=== DATA TO PROCESS ===

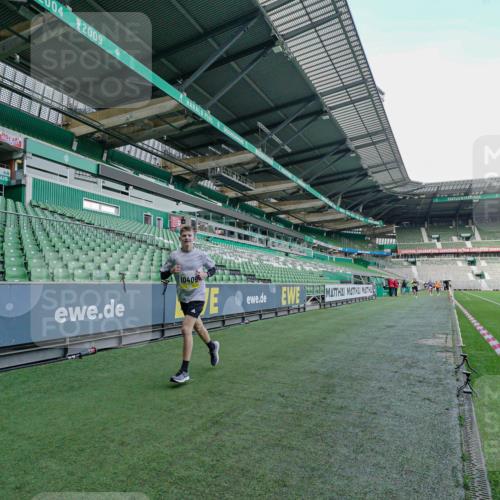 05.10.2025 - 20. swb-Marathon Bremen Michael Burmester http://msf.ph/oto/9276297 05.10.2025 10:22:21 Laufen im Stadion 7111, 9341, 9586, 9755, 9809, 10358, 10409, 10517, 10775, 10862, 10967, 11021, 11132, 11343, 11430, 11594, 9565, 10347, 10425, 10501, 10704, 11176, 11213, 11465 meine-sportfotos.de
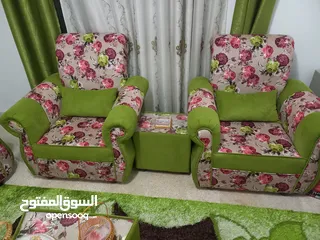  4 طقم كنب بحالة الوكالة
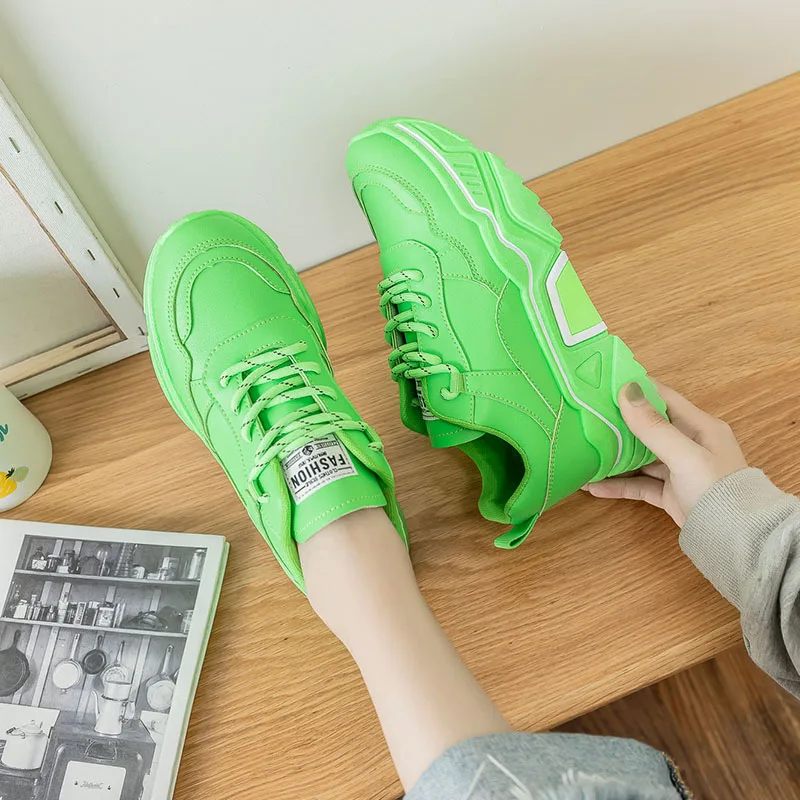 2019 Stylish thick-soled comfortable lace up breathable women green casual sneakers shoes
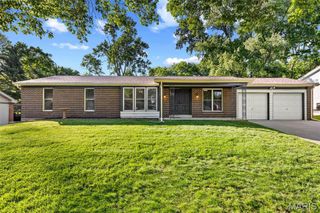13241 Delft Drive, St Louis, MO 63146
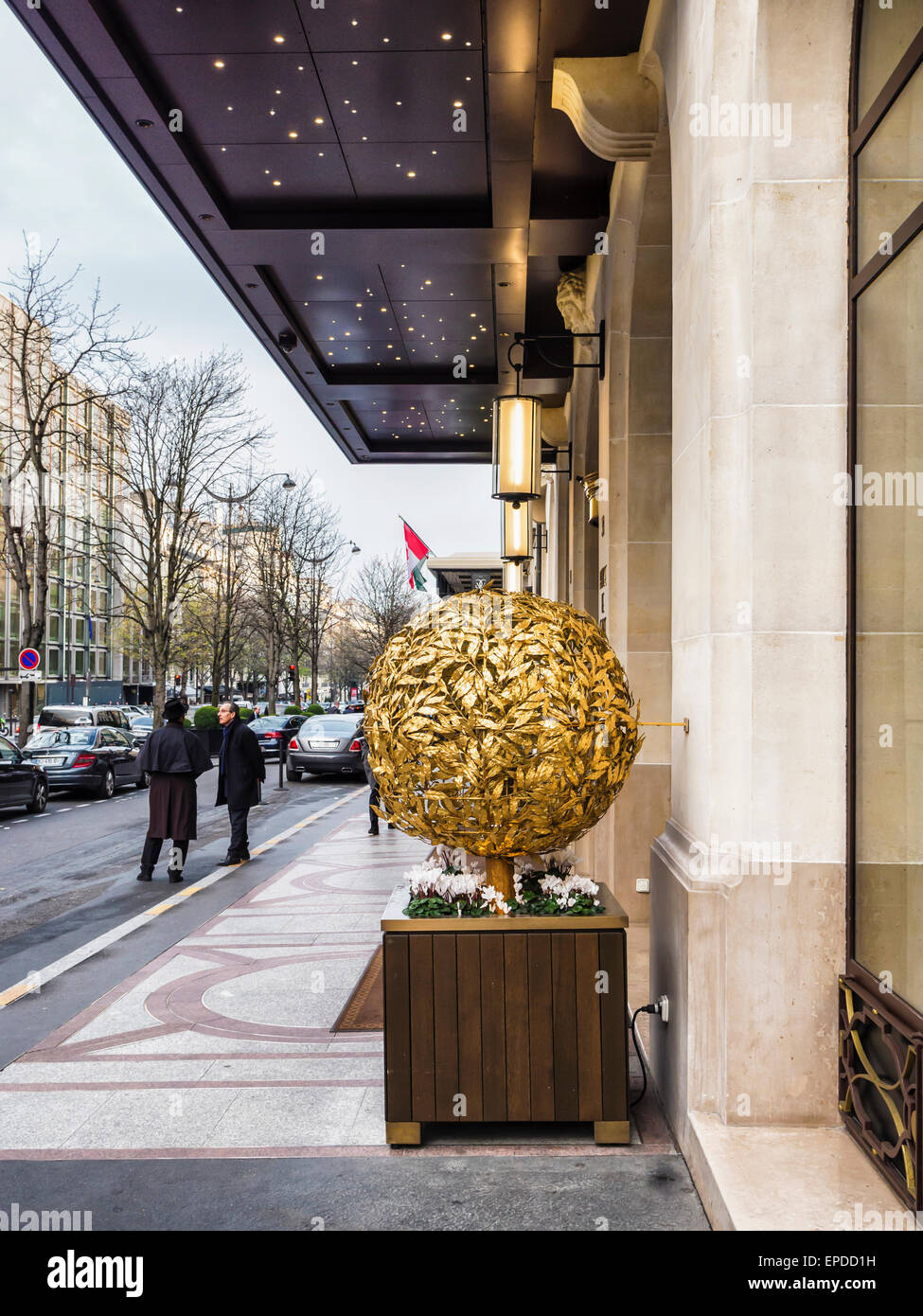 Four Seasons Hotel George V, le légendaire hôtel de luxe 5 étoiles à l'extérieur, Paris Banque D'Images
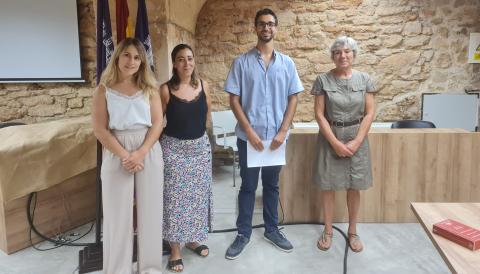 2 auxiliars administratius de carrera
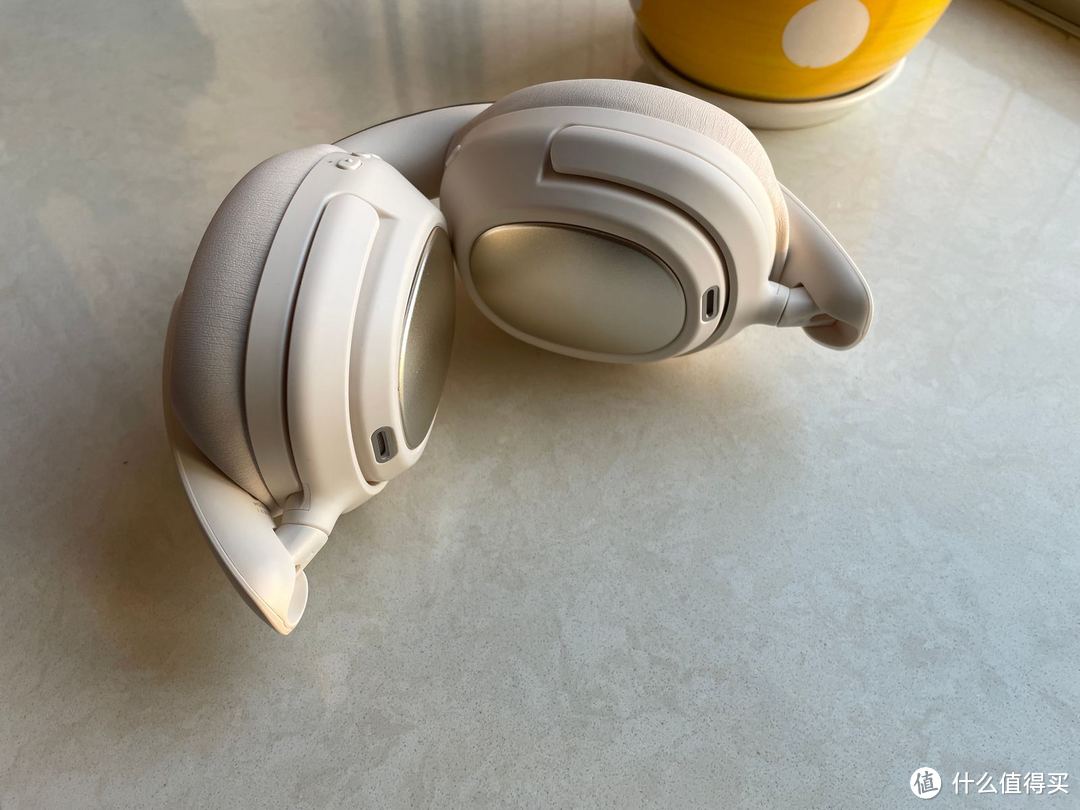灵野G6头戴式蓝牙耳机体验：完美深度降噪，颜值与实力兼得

===

▶ _WORK INSTRUCTION_
Please return exactly, and only, the lines from the one containing "4 طقم كنب بحالة الوكالة" through the end of the records, with both end lines kept and every picture dropped.

▶ _YOUR SOLUTION_
  4 طقم كنب بحالة الوكالة
 2019 Stylish thick-soled comfortable lace up breathable women green casual sneakers shoes
13241 Delft Drive, St Louis, MO 63146
 Four Seasons Hotel George V, le légendaire hôtel de luxe 5 étoiles à l'extérieur, Paris Banque D'Images
 2 auxiliars administratius de carrera
灵野G6头戴式蓝牙耳机体验：完美深度降噪，颜值与实力兼得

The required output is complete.